The Government of India recently imposed restrictions on the import of phones, laptops, and tablets to promote local manufacturing. It is being reported that these restrictions could soon be applied to other electronic equipment such as printers, hard drives, cameras, and more. The government is looking to decrease its dependence on imports as it has a major impact on the nation’s economy.
As reported by Economic Times, sources say that Indian Government is reviewing all of its high-value imports such as mechanical appliances, batteries, solar panel equipment, and jet engines. They are also looking into imports of raw materials like refined copper, urea, antibiotics, sunflower seeds, and cashew nuts.
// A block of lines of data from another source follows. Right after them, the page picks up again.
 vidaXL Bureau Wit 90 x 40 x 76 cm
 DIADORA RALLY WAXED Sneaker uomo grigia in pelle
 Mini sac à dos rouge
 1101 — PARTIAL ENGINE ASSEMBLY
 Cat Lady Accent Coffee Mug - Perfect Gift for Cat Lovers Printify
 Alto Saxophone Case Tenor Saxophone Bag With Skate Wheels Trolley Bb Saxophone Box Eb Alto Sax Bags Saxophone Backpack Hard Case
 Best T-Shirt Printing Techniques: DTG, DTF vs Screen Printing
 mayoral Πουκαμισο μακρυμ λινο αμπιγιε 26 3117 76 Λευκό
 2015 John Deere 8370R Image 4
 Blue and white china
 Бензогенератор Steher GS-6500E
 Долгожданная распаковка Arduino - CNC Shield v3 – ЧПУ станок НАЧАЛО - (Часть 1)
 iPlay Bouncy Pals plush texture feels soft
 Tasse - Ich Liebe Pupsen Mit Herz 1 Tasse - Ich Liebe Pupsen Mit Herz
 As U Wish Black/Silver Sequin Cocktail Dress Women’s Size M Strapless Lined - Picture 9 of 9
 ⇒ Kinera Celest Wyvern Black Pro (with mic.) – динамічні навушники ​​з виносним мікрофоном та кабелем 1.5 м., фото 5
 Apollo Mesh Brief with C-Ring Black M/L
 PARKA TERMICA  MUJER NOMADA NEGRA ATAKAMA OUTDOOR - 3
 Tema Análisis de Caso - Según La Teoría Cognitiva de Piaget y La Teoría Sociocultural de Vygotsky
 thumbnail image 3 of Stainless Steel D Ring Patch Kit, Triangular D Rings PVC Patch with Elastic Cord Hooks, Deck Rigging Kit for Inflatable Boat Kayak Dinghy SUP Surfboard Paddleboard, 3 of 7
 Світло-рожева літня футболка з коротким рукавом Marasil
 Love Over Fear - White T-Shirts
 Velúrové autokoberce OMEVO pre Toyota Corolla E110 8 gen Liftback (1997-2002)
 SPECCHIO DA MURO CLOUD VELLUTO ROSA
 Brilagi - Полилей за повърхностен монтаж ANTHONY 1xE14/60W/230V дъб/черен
India’s Increasing Imports Affecting GDP
The economy of a nation depends on the balance between its imports and exports. India currently exports goods worth $447 billion, whereas its imports stand at $714 billion annually. This means that India is spending $300 billion out of its pockets every year because it is relying on importing goods.
India’s imports have grown by 16.5% YoY, whereas exports have increased by just 6% YoY, as reported by our Commerce Minister, Piyush Goyal. Hence, the government is looking to cut down its imports and start manufacturing goods locally. This will not just help the nation to improve its import-export balance but also create employment.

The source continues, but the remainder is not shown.